- _What to produce_
Word for word, repeat the lines of the records from the first line up to and including the line that contains "Receita Cachorro Balão", passing over any pictures.

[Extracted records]
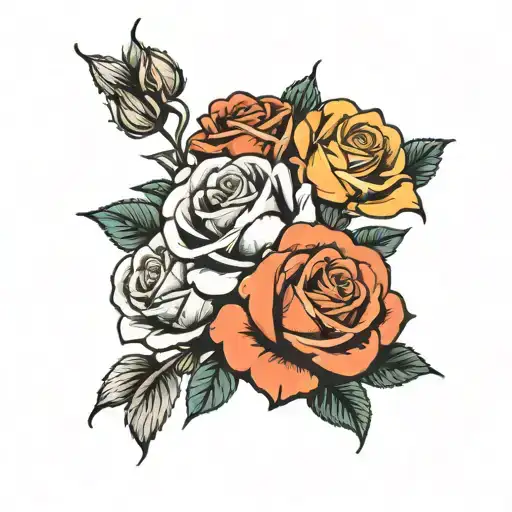 3 roses with lady faces in the flower tattoo design idea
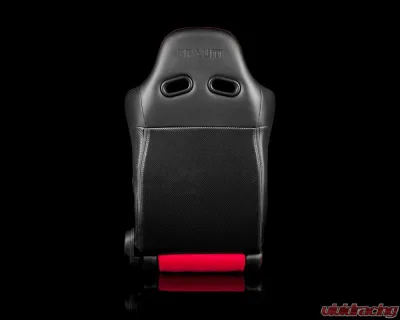 Braum Racing Advan Series Sport Seats (Pair) - Black Leatherette w/ Red Fabric Insert - BRR2-BKRD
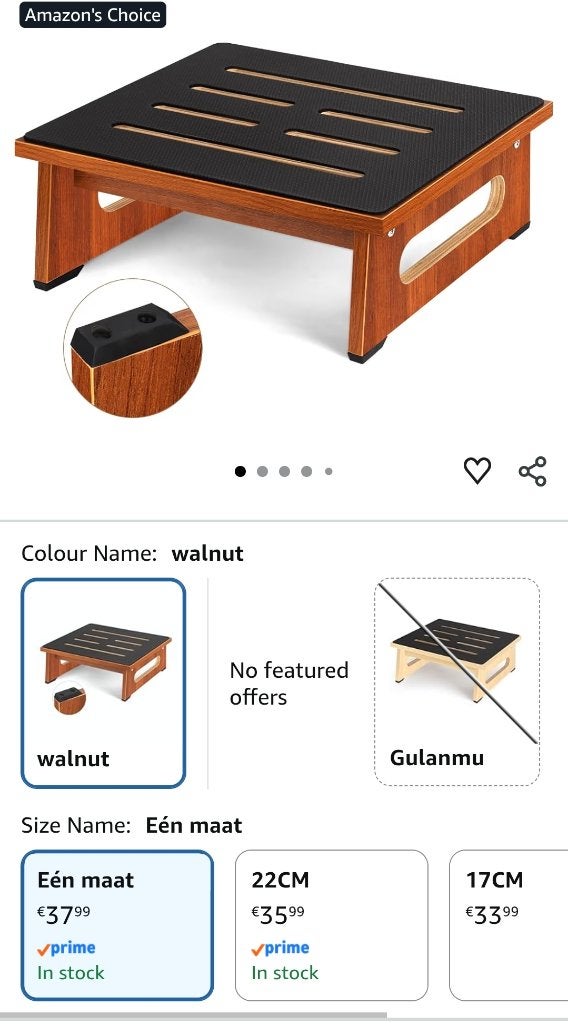Houten Opstapje / Voetenbankje Antislip – Walnoot, Ophalen, Zo goed als nieuw, Hout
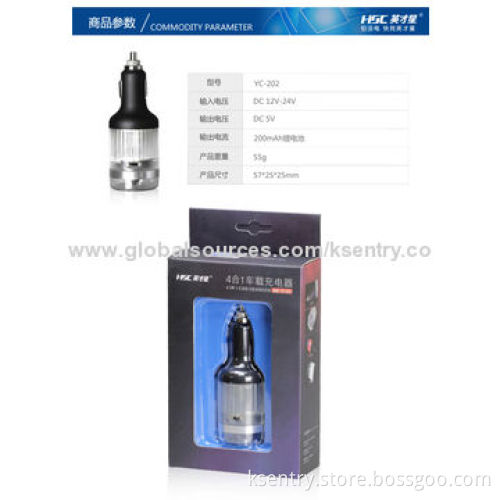 High-quality Car Charger with LED Emergency Lights and Safety Hammer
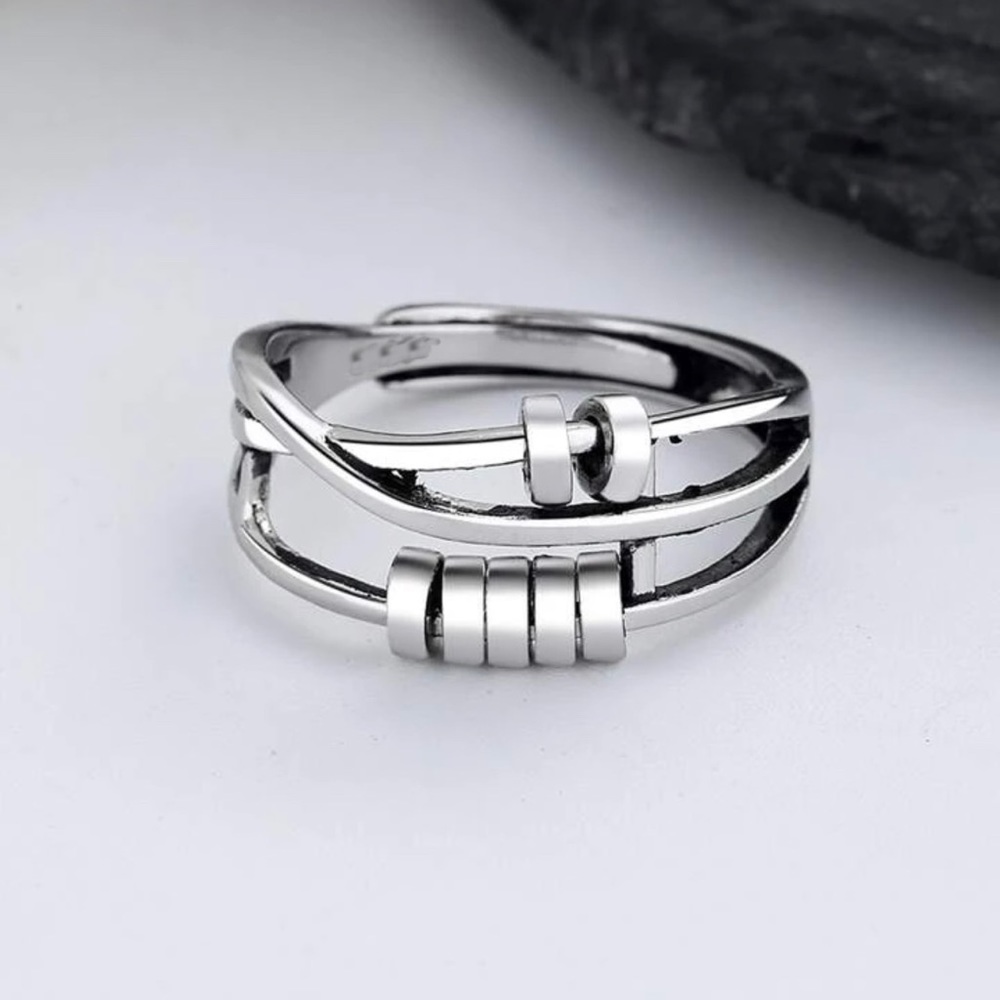 Silver Focus Movable Disk Fidget Ring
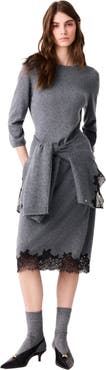 maje Dress with lace panel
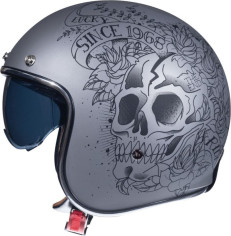 Casca Moto Jet Le Mans 2 SV Skull&Rose A2 Black/Grey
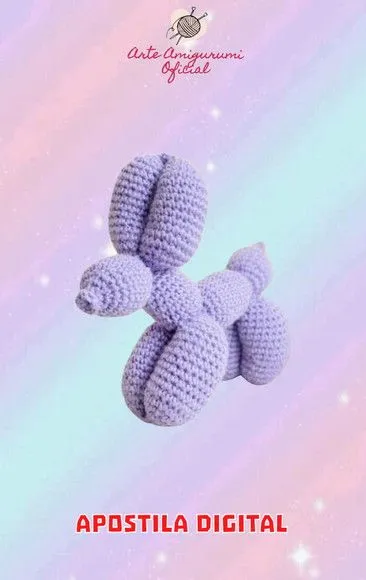 Receita Cachorro Balão Amigurumi - feito à mão por Arte Amigurumi Oficial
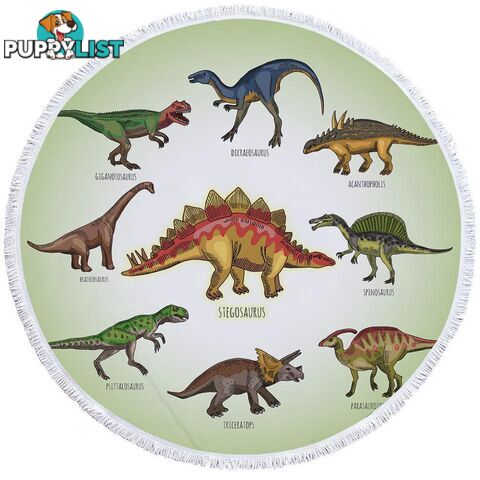 Multi Colored Dinosaurs Beach Towel - Towel - 7427046320450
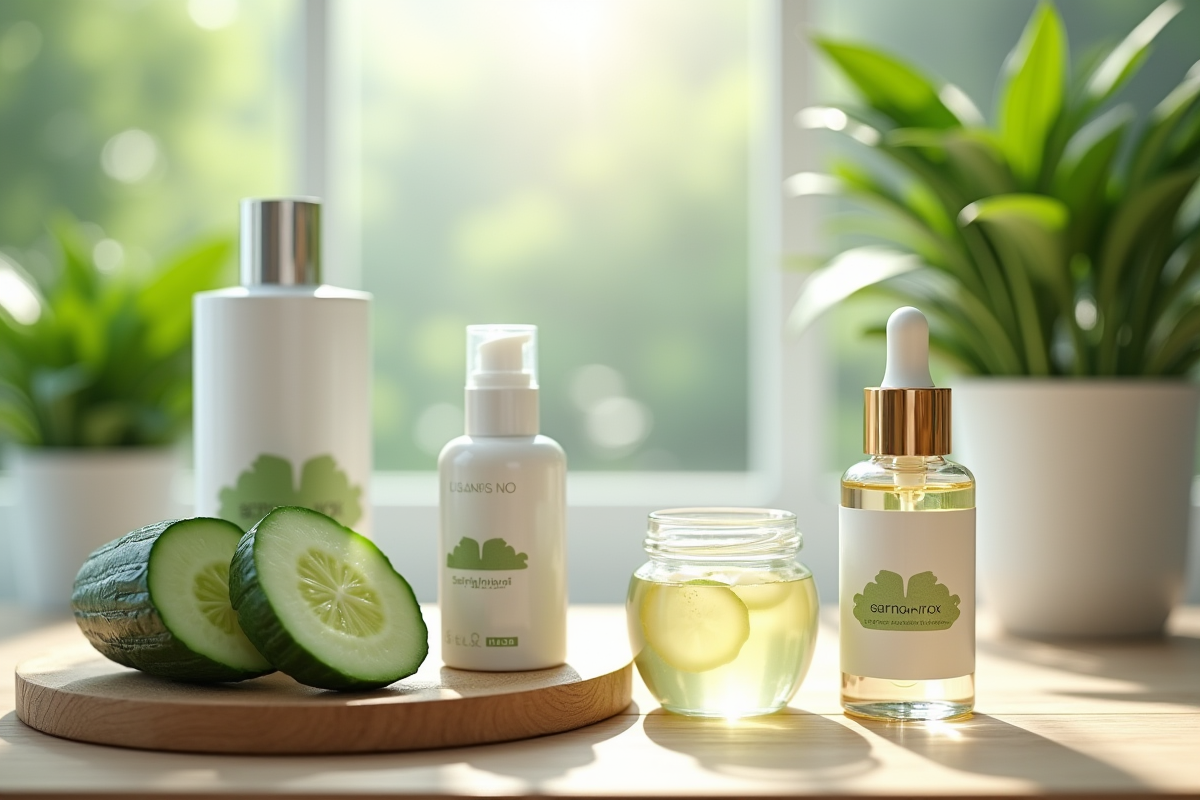 Produits de soin naturels avec concombre et eau florale sur une table lumineuse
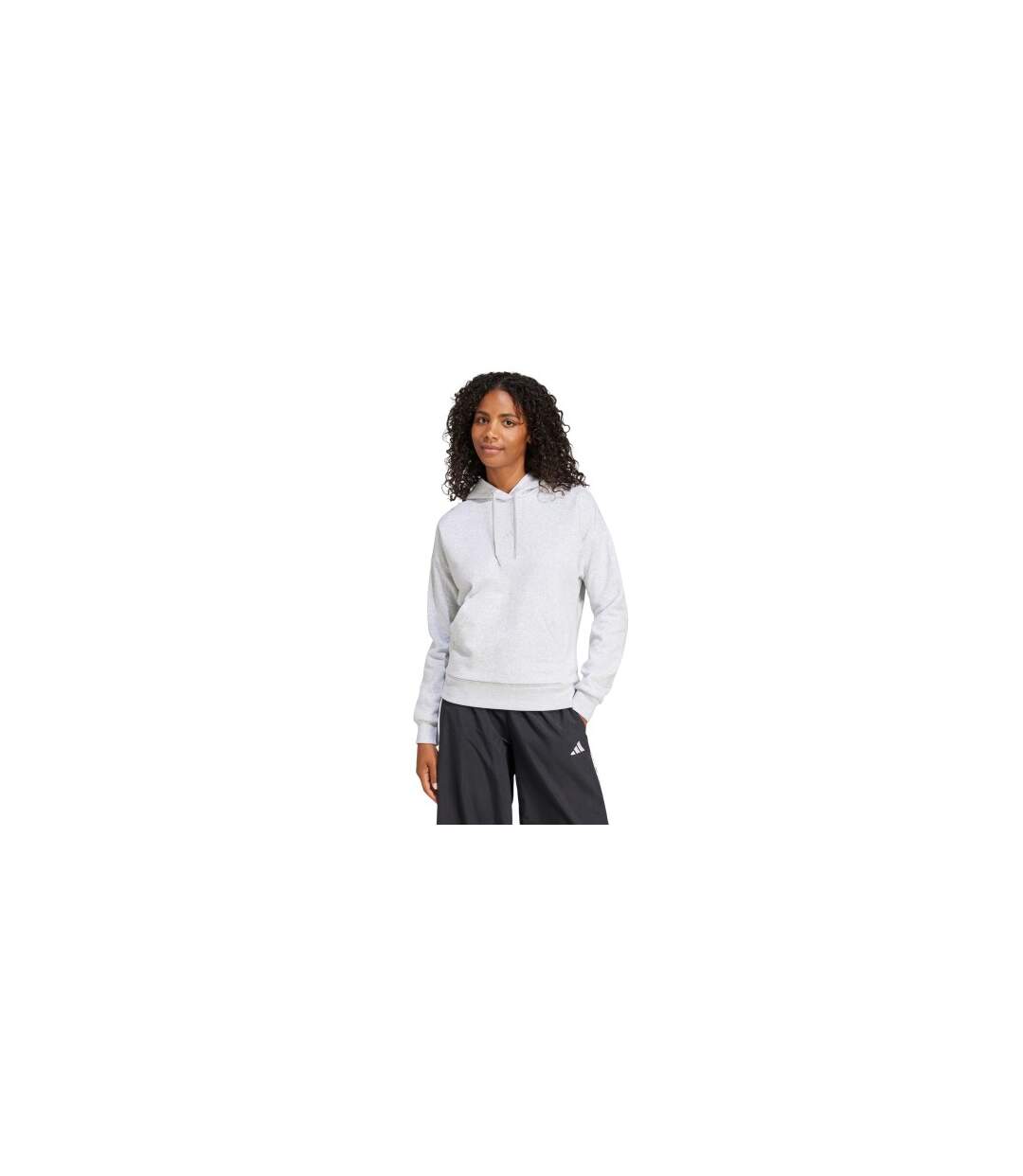 Sweat À Capuche Avec Cordons Femme Gris Chiné Chiné Adidas-1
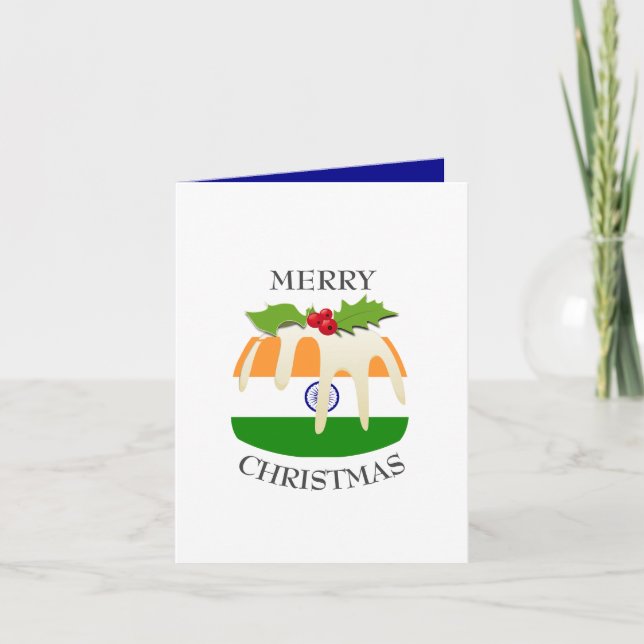 Cartes Pour Fêtes Annuelles DRAPEAU INDIEN | Pudding Festif | Noël (Devant)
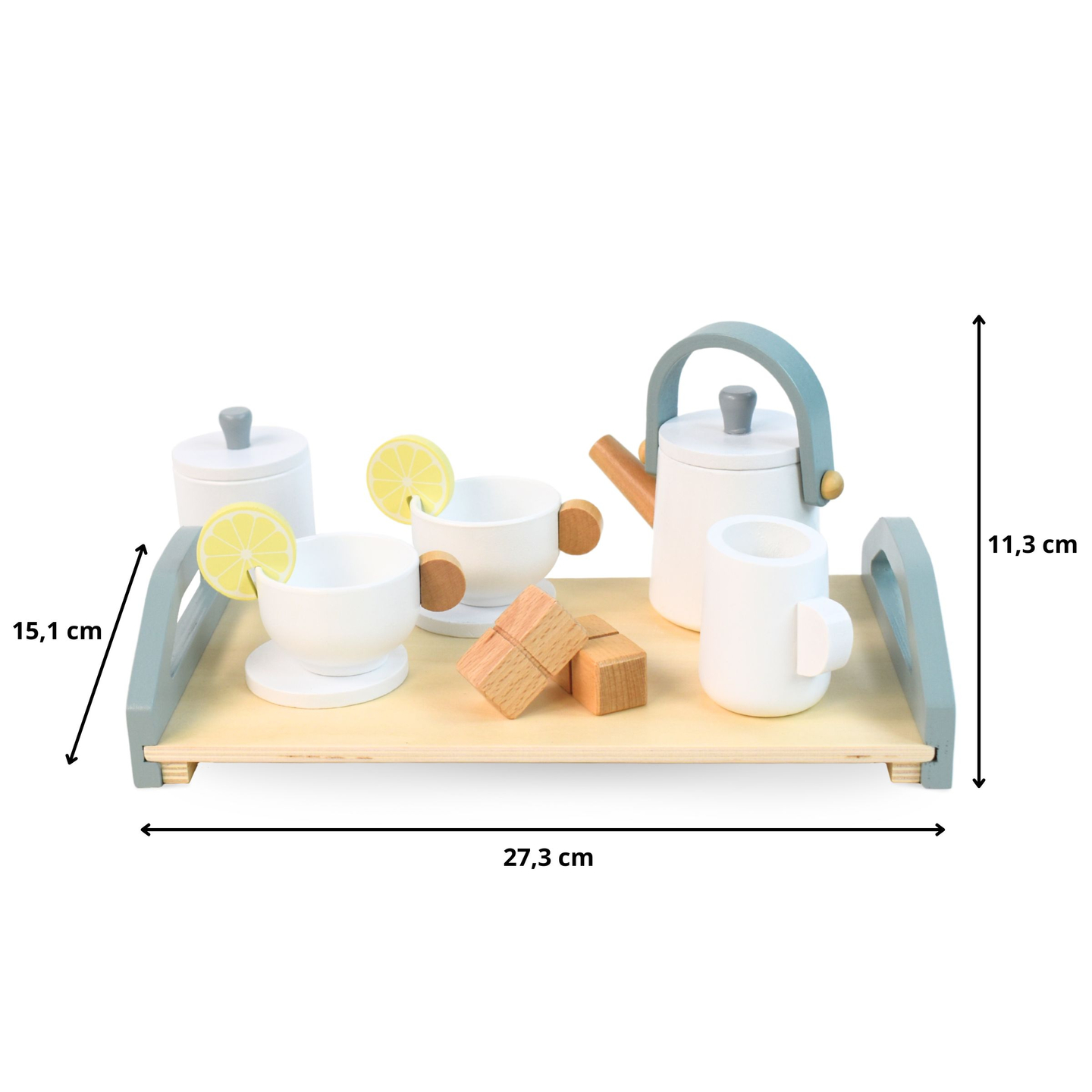 Velik lesen čajni set s pladnjem - 17 kosov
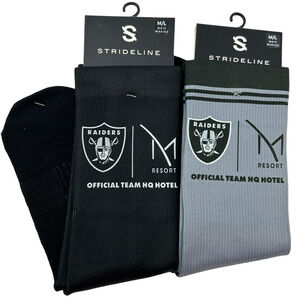 2 Pairs Las Vegas Raiders M Resort Socks Unisex M-L Gray Black Official HQ Hotel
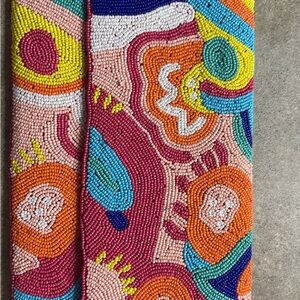 Treasure Jewels Beaded Floral Crossbody Clutch in Pink, Orange & Turquoise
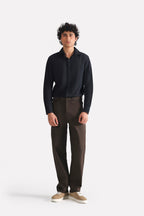 Brown (turkish coffee) straight fit cotton trouser, worn by a model, by SOLA Pakistan.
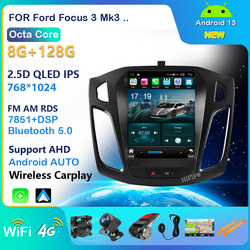 Autoradio pour Ford Focus 3 Mk3 2012-2017, Android 13, 2 Din, Lecteur Vidéo de Limitation, 8 Go + 128 Go, Carplay, Stéréo, Écran IPS, RDS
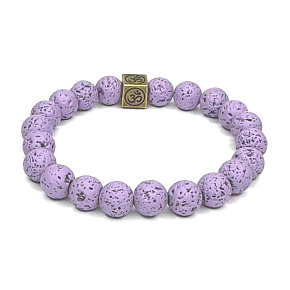 Lava hellviolett mit königlichem Mantra Om, Armband elastischer Naturstein, Kugel 8 mm / 16-17 cm, geboren aus den vier Elementen Lava hellviolett mit königlichem Mantra Om, Armband elastischer Naturstein, Kugel 8 mm / 16-17 cm, geboren aus den vier Elementen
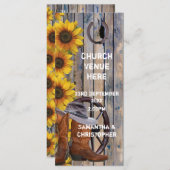 Rustikales Western Cowboy Thema Kirchenhochzeit Pr Programm (Vorne/Hinten)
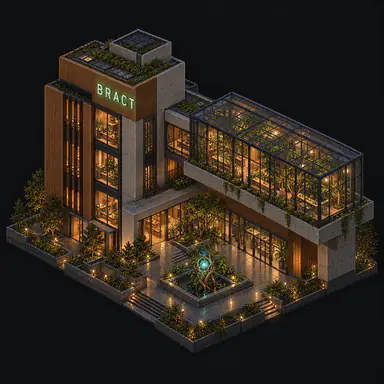 Isometric pixel-art headquarters of Bract
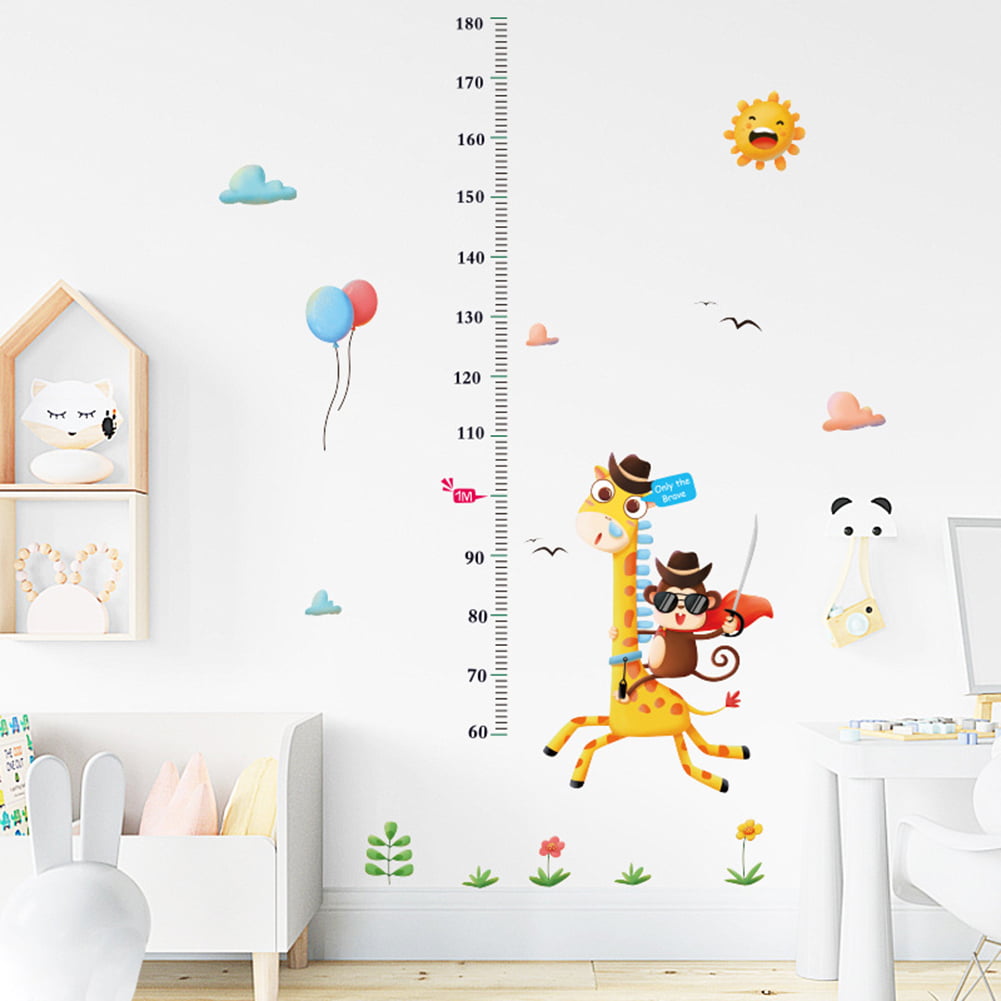 Removable Height Chart Measure Wall Sticker Decal for Kids Baby Room Animal AA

- _Exercise output_
 3 roses with lady faces in the flower tattoo design idea
 Braum Racing Advan Series Sport Seats (Pair) - Black Leatherette w/ Red Fabric Insert - BRR2-BKRD
Houten Opstapje / Voetenbankje Antislip – Walnoot, Ophalen, Zo goed als nieuw, Hout
 High-quality Car Charger with LED Emergency Lights and Safety Hammer
 Silver Focus Movable Disk Fidget Ring
 maje Dress with lace panel
 Casca Moto Jet Le Mans 2 SV Skull&Rose A2 Black/Grey
 Receita Cachorro Balão Amigurumi - feito à mão por Arte Amigurumi Oficial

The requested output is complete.